Early's story was that he came to Greencastle Oct. 4., 1895. "Soon after my arrival at Greencastle I made the acquaintance of Will Wood, a student at Depauw University. This acquaintance soon ripened into a friendship which brought us together a great deal and made us confide to each other much more than is ordinary among young men.
"So fast did the friendship between Will Wood and myself become that he would show me his letters. Among those he showed, I remember one from Scott Jackson, a young man from Greencastle, who is in Cincinnati attending a dental college.
"In this letter Jackson confided to his chum, Will Wood, that he, Jackson and Pearl Bryan had been too intimate, that she had loved not wisely, but too well, and as a result he had betrayed her, that Pearl would soon become a mother, and asked Wood's help in this matter.
"He admitted his intimacy with Pearl, and his responsibility for her present condition. He quoted recipes calculated to prevent the evil results of their indiscretion, and asked Wood to get them and give them to Pearl.

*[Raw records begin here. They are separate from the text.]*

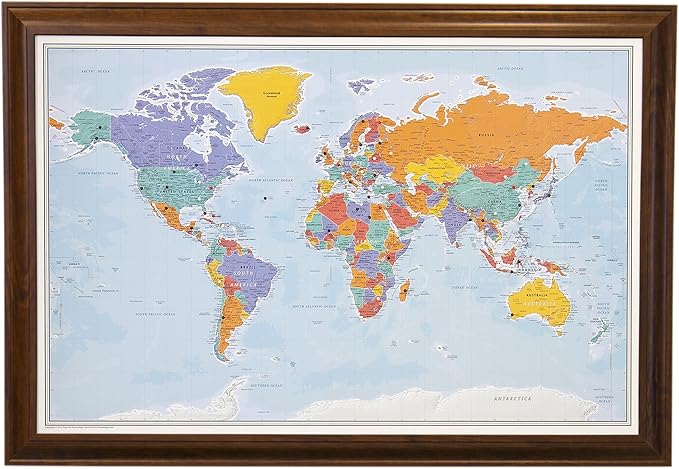 Push Pin Travel Maps - Blue Oceans World - Brown Frame Framed Pin Map for Tracking Your Travels - 27.5" x 39.5" - 8 Handcrafted Frame Options - Made in USA - Ideal for Any Traveler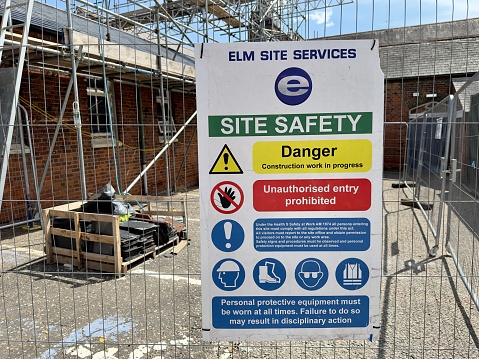 Maldon, UK - July 26, 2023: A site safety notice at a construction site on hospital grounds in Maldon, Essex, UK.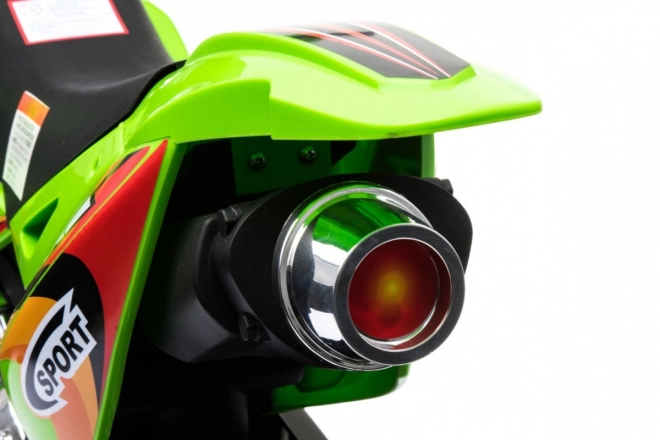 Dječji električni cross motor na akumulator – zelena, s pomoćnim kotačima i LED svjetlima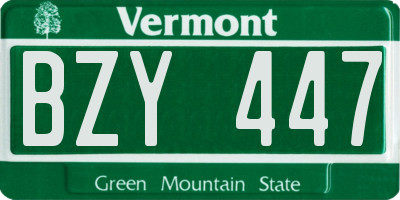 VT license plate BZY447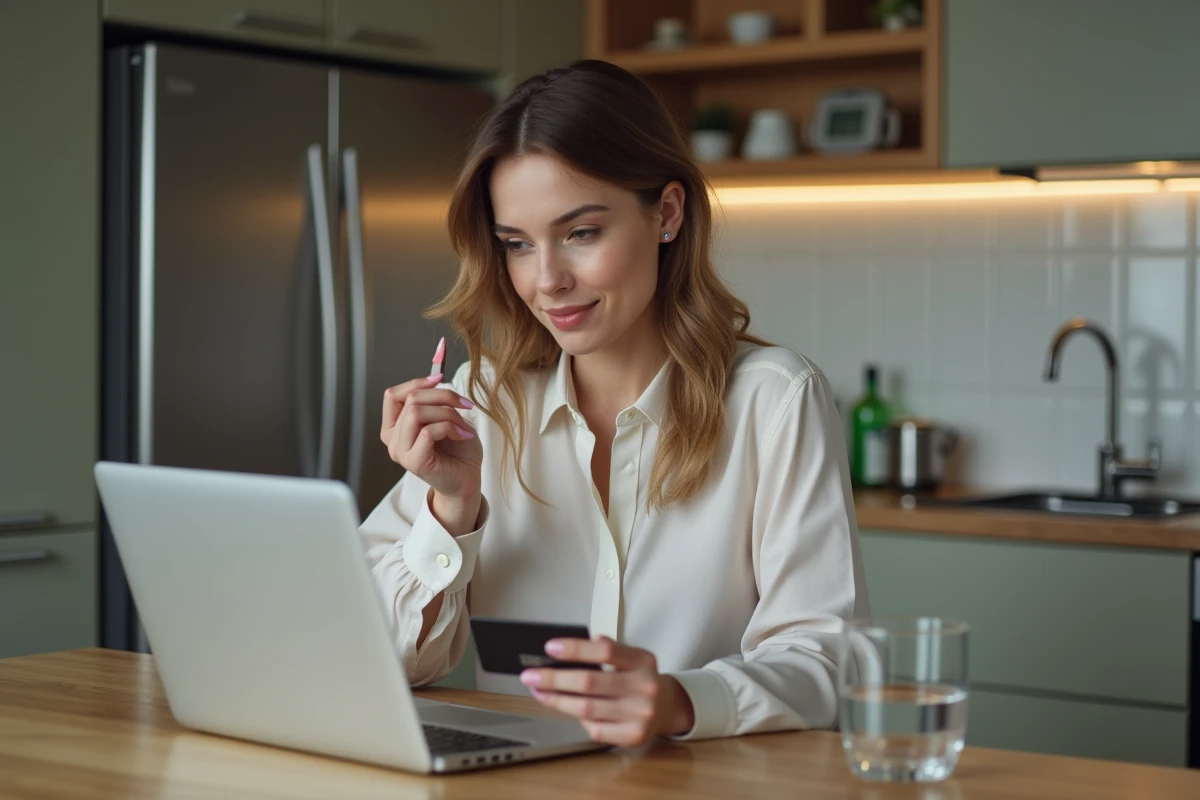 Jeune femme avec carte bancaire sur table de cuisine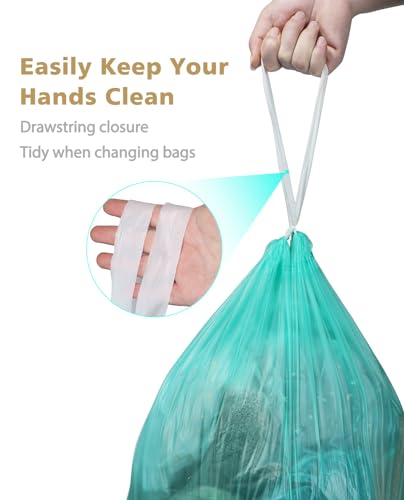 AYOTEE Compostable Trash Bags 4 Gallon Drawstring Trash Bags,100 Count | Ultra Strong Unscented Compostable Garbage Bags Small Trash Bags Waste Basket Liners for Bathroom, Kitchen, Car, Pet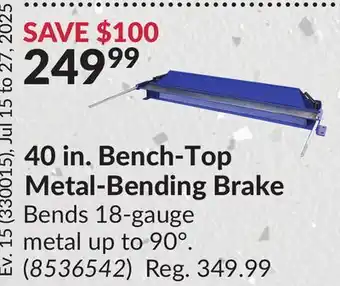 Princess Auto 40 in. Bench-Top Metal-Bending Brake offer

"Wood did this, as he said he was willing to do anything he could for Jackson and especially for Pearl, who was Wood's second cousin.
"These drugs however did not have the desired effect of reversing the laws of nature.
"One letter, I remember was in answer to one which Wood had written to Jackson, informing him that Pearl Bryan was showing the effects of her indiscretion and intimacy with Jackson, and telling him that the recipes sent by him had been furnished by Wood.
"Jackson regretted that his recipes had failed but said something must be done and suggested that the girl be sent to Cincinnati, stating that he could arrange to have an abortion performed on her.
"Wood told me afterward that Pearl had gone to Cincinnati to have a criminal operation performed, and had told her parents she was going to Indianapolis to visit friends. She had money with her, sufficient to cover any expenses she might incur in such an undertaking."
He then told of Fred Bryan the brother of Pearl, telegraphing to Indianapolis inquiring about Pearl and receiving an answer that she had not been there.
It was midnight when the detectives heard of this and went to the house of Mr. Spivy, of Louis & Hays, and got him to go to the shoe store with them. On arriving there the books of the firm were again examined and the name of Pearl Bryan was found on them, and the fact that she had bought a pair of No. 3 shoes was found. In all their scrutiny of the books this fact had escaped the detectives and shoe dealers.